IBM Falling Behind on Web Content Management

 

 

CMS Watch, a vendor-independent analyst firm that evaluates content technologies, has found that IBM's Web Content Management (WCM) technologies have been stagnating at a time when competitors are paying greater attention to web publishing toolsets.

This analysis stems from CMS Watch's 2008 "Web CMS Report," released earlier this month, which evaluates 30 major Web Content Management (WCM) offerings. As part of its ongoing research, CMS Watch interviews hundreds of web managers around the world.

IBM's competitors have been busy in the past year. Microsoft rebuilt its WCM services from scratch under Office SharePoint 2007. EMC is re-investing in Documentum's WCM capabilities. Oracle acquired Stellent, an ECM vendor with a strong focus on WCM. None of these products are without their flaws, but each has seen substantial attention of late.

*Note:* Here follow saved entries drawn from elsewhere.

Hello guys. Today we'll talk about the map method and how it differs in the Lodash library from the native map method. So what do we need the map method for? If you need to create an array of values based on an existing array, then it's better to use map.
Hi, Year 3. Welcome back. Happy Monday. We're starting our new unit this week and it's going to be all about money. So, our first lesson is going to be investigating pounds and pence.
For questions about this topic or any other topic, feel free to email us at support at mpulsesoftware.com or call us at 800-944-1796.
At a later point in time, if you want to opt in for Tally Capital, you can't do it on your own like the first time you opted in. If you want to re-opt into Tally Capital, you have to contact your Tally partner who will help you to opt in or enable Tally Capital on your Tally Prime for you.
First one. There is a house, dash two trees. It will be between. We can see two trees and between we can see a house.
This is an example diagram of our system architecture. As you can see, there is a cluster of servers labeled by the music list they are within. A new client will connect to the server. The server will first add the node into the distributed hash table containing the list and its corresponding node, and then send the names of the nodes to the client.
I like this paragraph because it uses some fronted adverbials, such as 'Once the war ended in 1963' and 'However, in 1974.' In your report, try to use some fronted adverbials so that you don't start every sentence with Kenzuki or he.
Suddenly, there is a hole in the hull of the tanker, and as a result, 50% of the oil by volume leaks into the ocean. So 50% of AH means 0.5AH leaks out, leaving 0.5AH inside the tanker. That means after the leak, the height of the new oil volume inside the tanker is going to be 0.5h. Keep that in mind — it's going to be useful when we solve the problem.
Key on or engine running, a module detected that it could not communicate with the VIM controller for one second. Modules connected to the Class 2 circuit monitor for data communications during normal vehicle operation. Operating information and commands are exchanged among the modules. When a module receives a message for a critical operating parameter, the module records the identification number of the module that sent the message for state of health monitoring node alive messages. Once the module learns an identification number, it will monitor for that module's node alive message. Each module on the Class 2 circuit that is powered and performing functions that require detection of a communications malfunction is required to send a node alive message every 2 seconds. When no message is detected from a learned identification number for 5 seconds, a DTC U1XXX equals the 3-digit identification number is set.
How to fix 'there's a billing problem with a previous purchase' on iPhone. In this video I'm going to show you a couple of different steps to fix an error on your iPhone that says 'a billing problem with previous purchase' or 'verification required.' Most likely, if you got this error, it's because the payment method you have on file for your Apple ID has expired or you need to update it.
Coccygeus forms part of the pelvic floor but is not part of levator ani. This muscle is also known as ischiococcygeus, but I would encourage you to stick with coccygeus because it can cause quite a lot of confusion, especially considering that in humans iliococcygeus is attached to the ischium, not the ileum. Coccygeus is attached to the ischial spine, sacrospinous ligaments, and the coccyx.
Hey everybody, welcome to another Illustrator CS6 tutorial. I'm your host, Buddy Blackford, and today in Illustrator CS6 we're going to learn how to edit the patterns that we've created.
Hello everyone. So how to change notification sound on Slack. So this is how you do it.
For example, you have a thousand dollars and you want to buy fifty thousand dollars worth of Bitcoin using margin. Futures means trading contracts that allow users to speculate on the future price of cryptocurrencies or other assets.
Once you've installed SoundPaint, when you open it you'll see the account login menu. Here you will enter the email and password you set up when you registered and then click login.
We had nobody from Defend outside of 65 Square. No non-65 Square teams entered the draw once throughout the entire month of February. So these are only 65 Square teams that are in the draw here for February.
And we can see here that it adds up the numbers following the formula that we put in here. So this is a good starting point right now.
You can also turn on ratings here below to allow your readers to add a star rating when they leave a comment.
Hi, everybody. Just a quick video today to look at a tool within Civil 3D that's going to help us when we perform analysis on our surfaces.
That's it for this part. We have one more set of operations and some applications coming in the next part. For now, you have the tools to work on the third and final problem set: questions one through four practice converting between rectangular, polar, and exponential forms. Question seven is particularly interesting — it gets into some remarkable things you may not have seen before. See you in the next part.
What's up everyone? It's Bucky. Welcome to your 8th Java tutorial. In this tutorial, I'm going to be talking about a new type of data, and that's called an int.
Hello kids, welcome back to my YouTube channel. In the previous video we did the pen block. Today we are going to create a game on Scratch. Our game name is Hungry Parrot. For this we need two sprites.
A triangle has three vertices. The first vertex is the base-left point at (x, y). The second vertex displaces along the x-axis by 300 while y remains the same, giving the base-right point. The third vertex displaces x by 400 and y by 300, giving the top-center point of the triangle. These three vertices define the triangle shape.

In the meantime, IBM's Workplace Web Content Management (WWCM) product remains a generation behind, and it is conceivable that IBM may simply elect to acquire a WCM vendor to fill the gap. CMS Watch cautions that IBM WWCM customers may risk the kind of painful upgrade or even replacement of the kind endured by Microsoft Content Management Server (MCMS) licensees when Redmond rewrote that tool under SharePoint.

To be sure, the IBM WWCM product has some strengths. It can be integrated with WebSphere Portal Server, and the contributor interface has been localized in multiple languages.

However, WWCM customers tell CMS Watch that the product remains weak in the following areas:

- WWCM comes in two different versions (a Java edition associated with WebSphere and a Lotus edition attached to Domino), which is confusing for buyers and appears to have dissipated development energy.

- The product is comparatively feature-poor, especially with respect to globalization services, at a time when many large customers are re-examining their web publishing operations in a global context.

- WWCM suffers from a legacy of bugginess (somewhat redressed in a recent dot-release), a comparatively very quiescent customer community, and much less publicly-available information than other IBM server products.

- Experienced WWCM consulting and integration talent appears in particularly short supply.

"Workplace Web Content Management seems lost at IBM," argues CMS Watch Founder, Tony Byrne.
That doesn't mean current licensees should stop using it," Byrne added, "but it does mean that Big Blue customers should not automatically implement WWCM without carefully considering other alternatives."

The 2008 Web CMS Report includes detailed comparisons of 30 vendors across 18 key feature categories, as well as evaluations of individual product suitability for 12 universal CMS scenarios.